Cette décision a été adoptée à l’issue d’une réunion présidée par le ministre de l’Industrie et du Commerce, Dr Serigne Gueye Diop, avec l’ensemble des acteurs de la filière, notamment la SAED, les organisations de commerçants et les industriels.
voir aussi: Sénégal| relance économie : De nouvelles taxes pour redresser l’économie nationale
Cette approche s’inscrit dans une dynamique désormais observable dans l’espace de l’Alliance des États du Sahel (AES), notamment le Burkina Faso, où les autorités cherchent progressivement à réduire la dépendance alimentaire vis-à-vis des importations.
Au Burkina Faso par exemple, le gouvernement encourage depuis plusieurs années la consommation du riz local à travers des programmes d’appui aux producteurs, de mécanisation agricole, d’amélioration des semences, de facilitation de la transformation et de promotion du ‘’Consommons burkinabè’’. L’objectif est de créer un marché suffisamment attractif pour permettre aux producteurs locaux d’écouler leur récolte tout en limitant la sortie de devises liée aux importations alimentaires.
Le choix du Sénégal de soutenir directement les rizeries par une subvention publique constitue ainsi un levier supplémentaire pour renforcer toute la chaîne de valeur, depuis la production jusqu’à la commercialisation.
En prenant en charge 50 FCFA sur chaque kilogramme transformé, l’État réduit les coûts de production des rizeries. Cette baisse peut ensuite être répercutée sur le prix final payé par le consommateur, rendant le riz local plus compétitif face au riz importé.
Cette politique présente plusieurs avantages économiques dont une meilleure rémunération des producteurs de riz ; une augmentation des volumes achetés par les rizeries ; la création et le maintien d’emplois dans la transformation, le transport et la distribution ; une réduction de la facture des importations alimentaires et une meilleure circulation des revenus à l’intérieur de l’économie nationale.

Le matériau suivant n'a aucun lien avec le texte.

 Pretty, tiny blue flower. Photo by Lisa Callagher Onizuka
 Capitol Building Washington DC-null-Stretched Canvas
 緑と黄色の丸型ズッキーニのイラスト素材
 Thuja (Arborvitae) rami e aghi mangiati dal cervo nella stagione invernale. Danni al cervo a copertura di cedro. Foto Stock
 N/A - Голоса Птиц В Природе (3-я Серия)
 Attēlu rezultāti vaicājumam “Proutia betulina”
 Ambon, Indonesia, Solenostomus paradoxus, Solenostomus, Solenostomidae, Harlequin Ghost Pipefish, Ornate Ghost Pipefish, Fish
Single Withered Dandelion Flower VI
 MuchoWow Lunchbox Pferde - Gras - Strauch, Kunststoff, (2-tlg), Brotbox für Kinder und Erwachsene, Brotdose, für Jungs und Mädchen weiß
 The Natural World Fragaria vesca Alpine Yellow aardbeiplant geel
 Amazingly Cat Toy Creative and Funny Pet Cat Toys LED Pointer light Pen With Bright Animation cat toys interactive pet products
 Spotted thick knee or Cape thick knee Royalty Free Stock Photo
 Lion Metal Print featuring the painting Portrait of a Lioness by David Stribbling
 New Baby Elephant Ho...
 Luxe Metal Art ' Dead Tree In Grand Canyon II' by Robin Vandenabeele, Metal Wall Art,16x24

À moyen terme, cette stratégie peut également stimuler les investissements privés dans les infrastructures de stockage, les unités de décorticage et les équipements agricoles.
Les futures autorisations d’importation seront désormais conditionnées à la preuve d’achats de riz produit localement. Ce mécanisme oblige les importateurs à participer au développement de la filière nationale avant d’accéder aux quotas d’importation.
Par ailleurs, les autorités annoncent déjà la transformation de 64 000 tonnes de riz blanc lors de la prochaine campagne, signe de la montée en puissance de la production nationale.
Un comité de suivi se réunira chaque semaine afin d’évaluer l’application des mesures et de transmettre des rapports réguliers au gouvernement.
Face aux tensions sur les marchés internationaux et aux restrictions d’exportation observées ces dernières années chez plusieurs grands producteurs asiatiques, plusieurs États ouest-africains privilégient désormais des politiques favorisant la production locale.
Le Sénégal illustre cette évolution en combinant limitation temporaire des importations, subvention publique, régulation du marché et accompagnement des industriels. Une stratégie qui rejoint les ambitions portées dans l’espace AES ; faire de l’agriculture un moteur de croissance, renforcer la souveraineté alimentaire et conserver davantage de richesse au sein des économies nationales.